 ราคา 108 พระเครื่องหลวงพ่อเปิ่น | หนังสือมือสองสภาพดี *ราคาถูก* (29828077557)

******

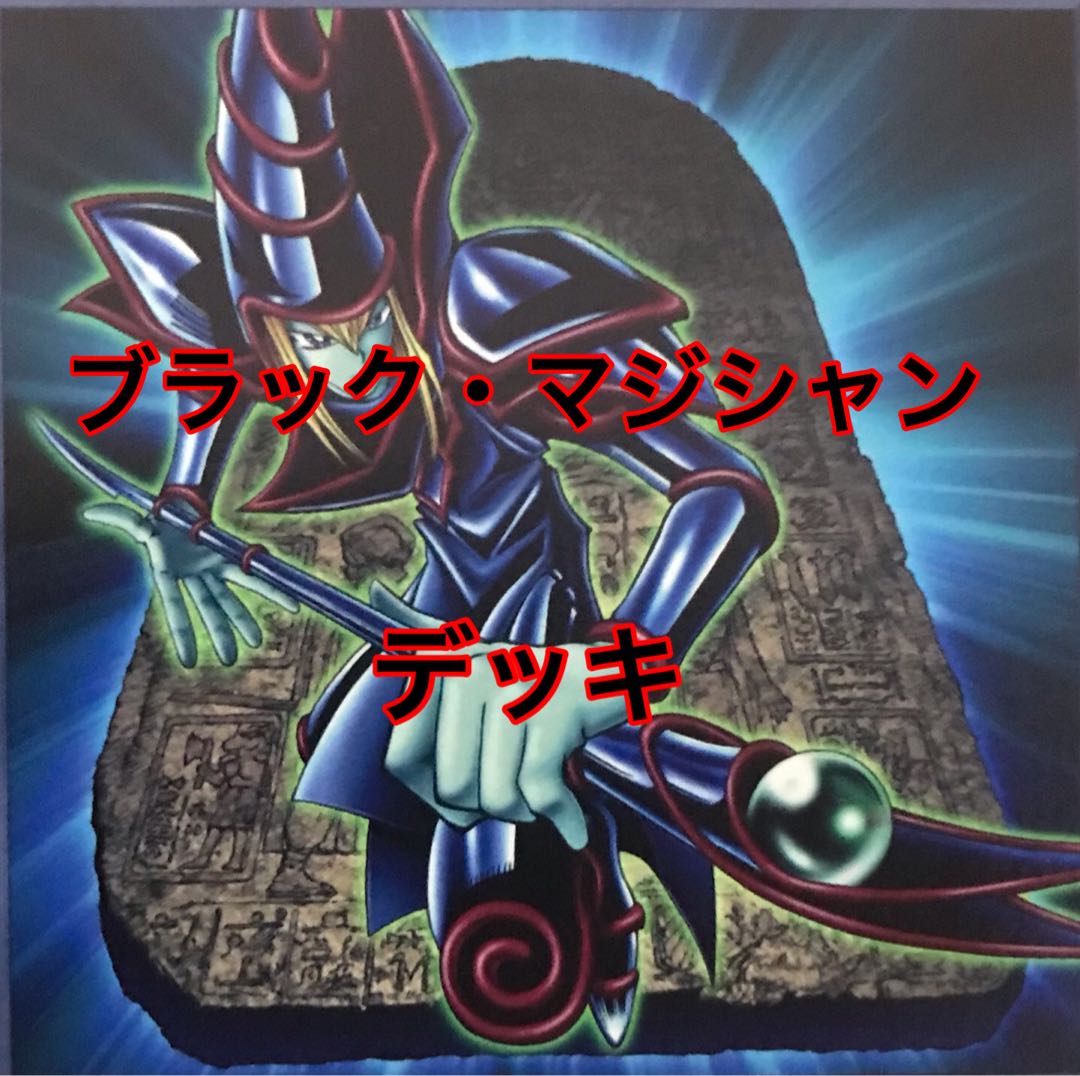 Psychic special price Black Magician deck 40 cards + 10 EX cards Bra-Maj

******

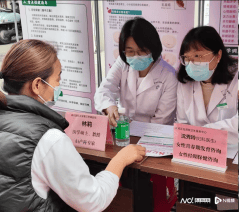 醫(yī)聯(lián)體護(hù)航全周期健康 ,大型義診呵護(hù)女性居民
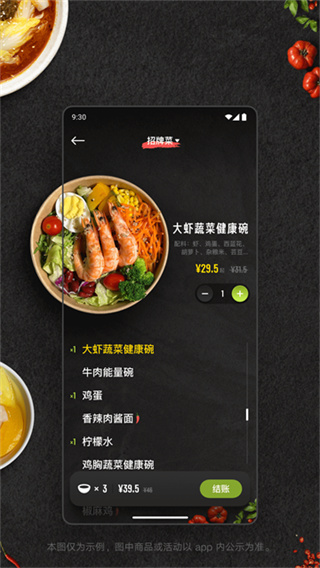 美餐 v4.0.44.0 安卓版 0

******

YOUR OBJECTIVE:
For this exercise, please set down exactly the lines of the listing above from the line with "醫(yī)聯(lián)體護" up to and including the line with "美餐 v4.0.44.0 安卓版 0", and no pictures.

TASK RESULT:
 醫(yī)聯(lián)體護(hù)航全周期健康 ,大型義診呵護(hù)女性居民
 美餐 v4.0.44.0 安卓版 0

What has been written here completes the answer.